Required action. Everything from the line containing "Aerie- Sunnie" to the last line of the listing below should be restated exactly, both ends included, with nothing added and the pictures omitted.

Available records.

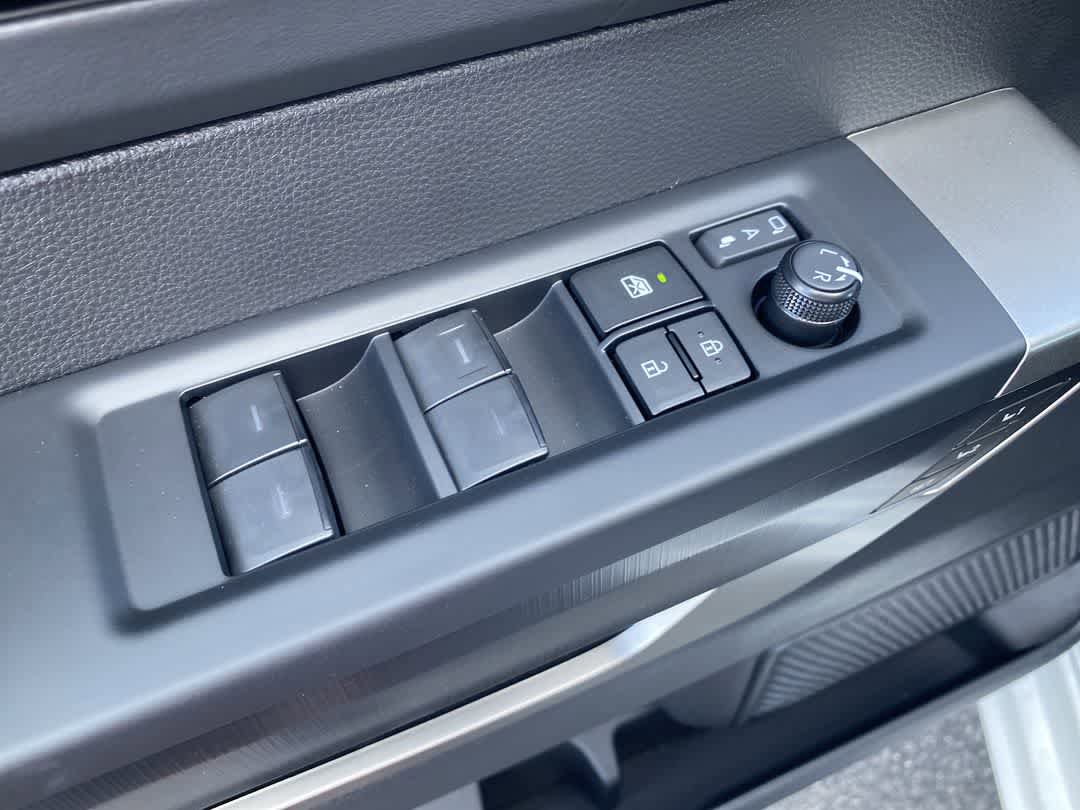 New 2026 Toyota Tundra Platinum image 13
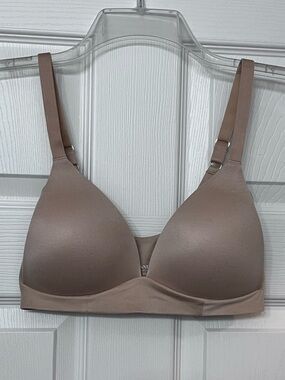 Aerie- Sunnie
Wireless Nude T-Shirt Bra - Smooth Support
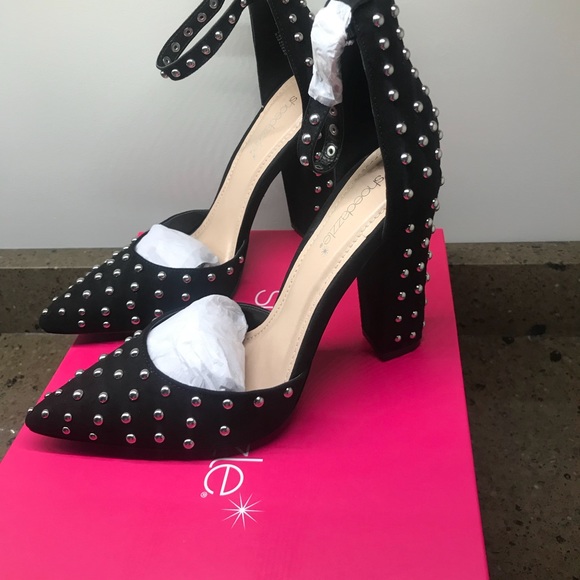 Pumps - Picture 5 of 5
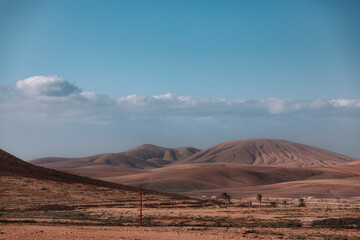 Montañas de Fuerteventura bajo un cielo claro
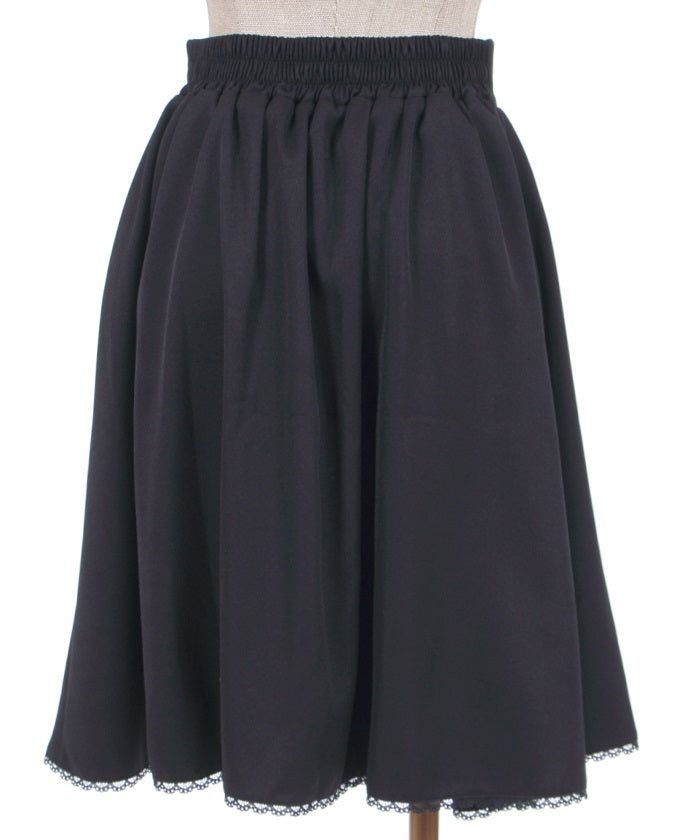 Envelope Pocket Tuck Skirt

Answer space.
 Aerie- Sunnie
Wireless Nude T-Shirt Bra - Smooth Support
 Pumps - Picture 5 of 5
 Montañas de Fuerteventura bajo un cielo claro
 Envelope Pocket Tuck Skirt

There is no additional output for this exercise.